** The problem **
Output only the lines of the entries that follow, starting at the one with "donde toda la puesta en escena obedece" and running down to the one with "una mayor libertad a la hora de plasmar", both included and unchanged.

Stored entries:
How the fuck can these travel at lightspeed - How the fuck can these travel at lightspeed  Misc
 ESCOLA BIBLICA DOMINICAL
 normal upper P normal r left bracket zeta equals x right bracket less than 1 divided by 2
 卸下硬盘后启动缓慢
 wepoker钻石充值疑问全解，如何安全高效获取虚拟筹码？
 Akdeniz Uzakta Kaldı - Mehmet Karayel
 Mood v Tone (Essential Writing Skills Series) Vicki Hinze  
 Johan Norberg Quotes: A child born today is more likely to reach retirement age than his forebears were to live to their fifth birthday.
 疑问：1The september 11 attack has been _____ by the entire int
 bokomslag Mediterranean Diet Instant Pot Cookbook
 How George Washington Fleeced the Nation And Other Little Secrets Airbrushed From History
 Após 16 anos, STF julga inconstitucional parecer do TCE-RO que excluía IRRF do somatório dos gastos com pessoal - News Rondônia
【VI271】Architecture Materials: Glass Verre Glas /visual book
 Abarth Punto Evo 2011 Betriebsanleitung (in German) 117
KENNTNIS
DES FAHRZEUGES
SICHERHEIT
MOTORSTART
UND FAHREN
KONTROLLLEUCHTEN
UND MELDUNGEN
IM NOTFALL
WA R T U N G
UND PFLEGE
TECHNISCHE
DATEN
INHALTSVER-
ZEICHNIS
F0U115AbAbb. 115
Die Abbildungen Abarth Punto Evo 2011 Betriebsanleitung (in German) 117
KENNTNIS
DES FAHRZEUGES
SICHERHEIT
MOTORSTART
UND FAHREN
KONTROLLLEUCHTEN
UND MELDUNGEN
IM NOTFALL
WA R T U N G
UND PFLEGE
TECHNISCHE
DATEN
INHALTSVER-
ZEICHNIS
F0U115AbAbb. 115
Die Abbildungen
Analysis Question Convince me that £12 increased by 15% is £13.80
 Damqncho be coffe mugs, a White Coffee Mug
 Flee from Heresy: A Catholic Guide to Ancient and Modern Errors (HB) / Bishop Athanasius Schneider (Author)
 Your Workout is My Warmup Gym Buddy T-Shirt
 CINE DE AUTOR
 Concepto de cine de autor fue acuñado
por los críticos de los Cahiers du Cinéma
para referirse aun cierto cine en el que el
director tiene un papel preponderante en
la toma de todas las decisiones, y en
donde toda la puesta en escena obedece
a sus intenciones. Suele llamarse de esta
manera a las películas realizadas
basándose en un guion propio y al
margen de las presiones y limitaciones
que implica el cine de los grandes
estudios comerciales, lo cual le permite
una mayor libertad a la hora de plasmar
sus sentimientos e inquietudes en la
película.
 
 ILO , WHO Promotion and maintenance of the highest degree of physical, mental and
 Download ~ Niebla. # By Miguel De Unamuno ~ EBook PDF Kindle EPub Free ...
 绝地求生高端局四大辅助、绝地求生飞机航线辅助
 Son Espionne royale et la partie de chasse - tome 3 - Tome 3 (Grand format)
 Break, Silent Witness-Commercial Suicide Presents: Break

** Reply to the task **
donde toda la puesta en escena obedece
a sus intenciones. Suele llamarse de esta
manera a las películas realizadas
basándose en un guion propio y al
margen de las presiones y limitaciones
que implica el cine de los grandes
estudios comerciales, lo cual le permite
una mayor libertad a la hora de plasmar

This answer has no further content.